Phishing e prelievo di somme dal conto corrente: l’argomento non smette di essere attuale. Stavolta è il turno dell’Arbitro Bancario Finanziario, organo deputato alla risoluzione delle controversie tra istituti di credito e clienti. La decisione (datata 28 aprile 2022), ancora una volta, traccia una linea di demarcazione tra la buona fede del correntista (o, secondo qualcuno, la sua ingenuità) e gli obblighi a cui è tenuta la banca.

Come funziona il phishing

Il caso è presto spiegato. Una persona riceve una telefonata da quello che si presenta come un operatore della sua banca, il quale lo invita a cambiare password di accesso al servizio home banking, seguendo le istruzioni che gli saranno comunicate. Pochi istanti dopo, arriva un SMS che contiene le indicazioni per il cambio password. Il malcapitato le segue scrupolosamente, convinto che arrivino realmente dalla sua banca.
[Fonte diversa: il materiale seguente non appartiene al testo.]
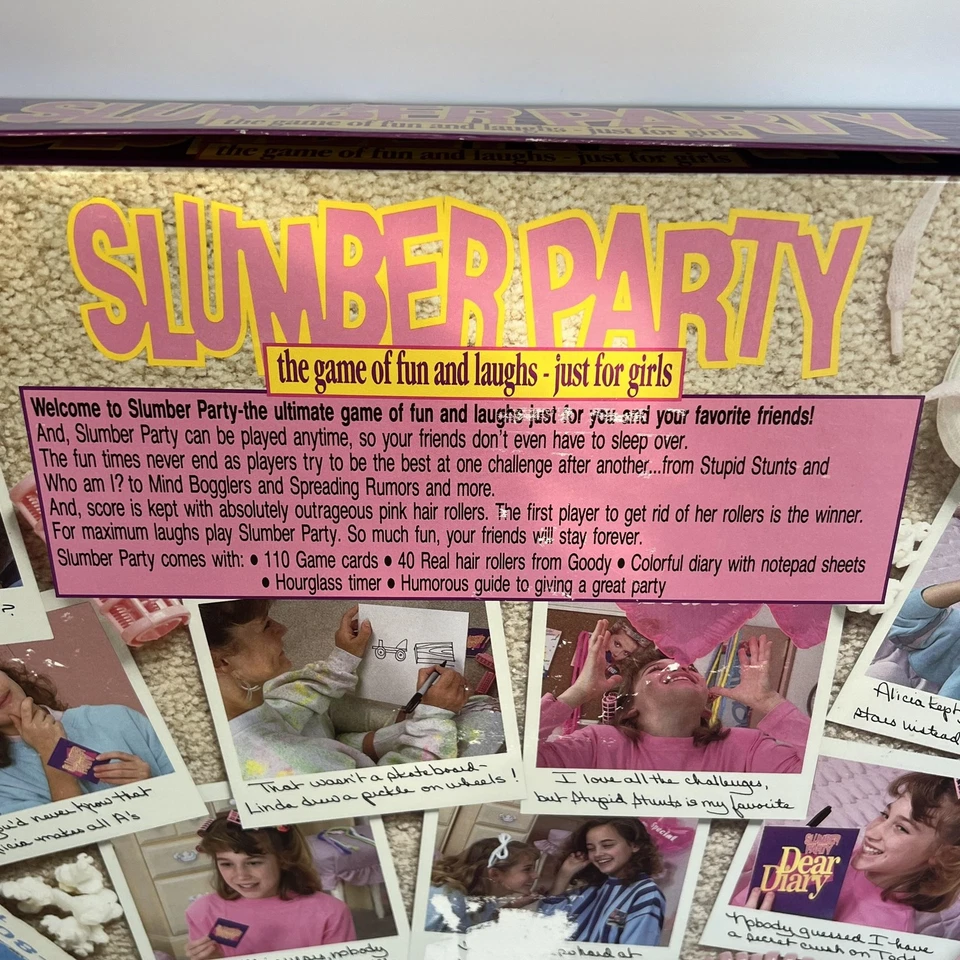 Vintage 1990 Cadaco Slumber Party Board Game Complete Age 8+ Girls Goody Rollers - Image 3 of 4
Immediatamente, dal suo conto parte un bonifico, destinato a chissà quali lidi.

Intuibili i punti di vista delle parti: il cliente, da un lato, dice di aver seguito, in buona fede, quelle che a tutti gli effetti sembravano indicazioni rivolte dall’istituto. La banca, dall’altro lato, l’intermediario ritiene che l’operazione di prelievo sia stata assolutamente regolare.

Ebbene, l’ABF ha ritenuto insufficienti le prove fornite dalla banca. Quest’ultima, in particolare, avrebbe dovuto documentare puntualmente l’impiego dei fattori di autenticazione necessari per autorizzare l’operazione. Nello specifico, occorre la prova di aver impiegato correttamente almeno due fattori di autenticazione forte. Il log fornito dalla banca si è rivelato inidoneo a fare chiarezza in merito e, di conseguenza, l’istituto dovrà restituire i soldi al correntista.